Cook County News Herald

Peppy is a fetching dog, just not ducks or other game birds



 

 

This is a meritocracy. We are rewarded for our greater contributions; promoted according to our competencies; awarded for outstanding productivity; demoted for our poor performance; demerited for our negative influence; punished according to the seriousness of our transgressions.

The third Saturday of September is the hunting opener for ruffed grouse, and it begins the season of one of my favorite hobbies. Partridge hunting allows me to be in the woods, on my feet, moving through changing ecosystems, in the cooling air and mists or dryness and sun and winds of changed season.

Peppy, my seven-and-a-half-year-old female golden retriever, is not invited. She has lost the privilege of partridge hunting with us. She’s not a bird dog; she’s a trail dog. She doesn’t work to find and flush. And even when I shoot birds, she doesn’t retrieve them for me. She’s distracted by chipmunks and red squirrels at the wrong times.

What is expected of me each September is to clean the guns and requisition the ammo. To put in working order electronic collars and blow out dog whistles and launder orange vests. To get Foxy and Daphne to habitat. And to bring down the birds they flush. They, to their credit, find and flush, then retrieve according to expectations.

Peppy might not be invited to hunt partridge because she doesn’t retrieve them, but she is always at James side when he’s not hunting or working and makes great company for him. Photo courtesy of James Egan

Peppy might not be invited to hunt partridge because she doesn’t retrieve them, but she is always at James side when he’s not hunting or working and makes great company for him. Photo courtesy of James Egan

I reward not with treats or biscuits, but with words of praise and physical affection. I’m usually ecstatic by the time the dead grouse is in my hand because Foxy’s retrieves are circuitous, and Daphne’s retrieves are often stop and go. I’m happy with simple victories. If I held myself to a higher standard, I might hold my two girls to higher standards. I don’t, so it wouldn’t be fair.

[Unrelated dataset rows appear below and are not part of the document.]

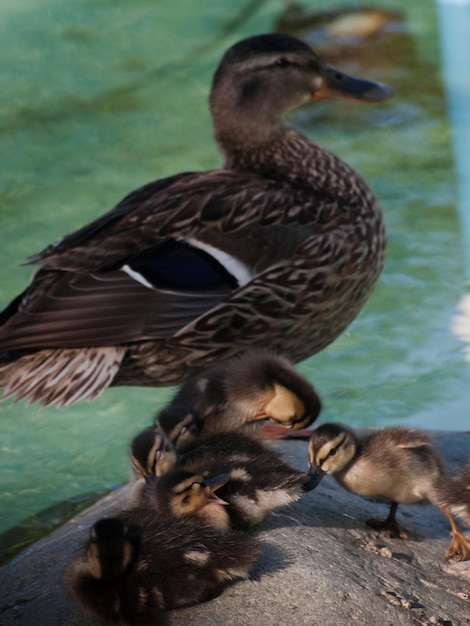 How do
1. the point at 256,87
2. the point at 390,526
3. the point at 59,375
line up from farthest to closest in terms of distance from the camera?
the point at 256,87
the point at 59,375
the point at 390,526

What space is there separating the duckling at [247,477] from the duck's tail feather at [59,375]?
47 centimetres

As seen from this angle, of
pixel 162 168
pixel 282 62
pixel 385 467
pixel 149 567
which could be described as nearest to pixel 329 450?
pixel 385 467

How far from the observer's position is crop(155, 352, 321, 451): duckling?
3.21 metres

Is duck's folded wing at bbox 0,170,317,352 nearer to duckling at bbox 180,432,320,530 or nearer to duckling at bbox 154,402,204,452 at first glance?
duckling at bbox 154,402,204,452

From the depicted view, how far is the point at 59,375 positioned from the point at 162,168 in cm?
254

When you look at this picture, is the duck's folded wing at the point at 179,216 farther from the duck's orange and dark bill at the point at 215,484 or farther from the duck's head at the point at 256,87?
the duck's orange and dark bill at the point at 215,484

Things might be different for me with different expectations regarding productivity. I performed well through high school without much effort. How is that fair? At university I competed less well; did not stand out. That was a thresher that weeded me out eventually. Let’s say that a job, any job, had ten discreet tasks that it required. I think I can usually do six or seven of them very well, and a couple poorly. I’m not sure how I would survive in a true meritocracy. Maybe this is my result: working at a local hardware store, writing a column for a small-town newspaper, hunting ruffed grouse behind dogs, hunting ducks over decoys, stalking the white-tailed deer, paddling a canoe upstream through the rice paddies.

Yes, maybe I have merited well. Maybe this is a meritocracy. Probably it’s not. Probably I’m just lucky.

In the duck boat I do not impose a meritocracy. Peppy gets the bow, and it’s her and I, even though she still always refuses to retrieve ducks. I’m not sure if it’s the wet feathers, or duck taste or what, she has never retrieved a duck, or coot, or a merganser. Any dead bird. A ball, yes. Sticks, yes. Rocks? Maybe. Any number of things other than what she was bred, born and trained to.

It’s okay because she contributes other ways, or another way: just being company for me.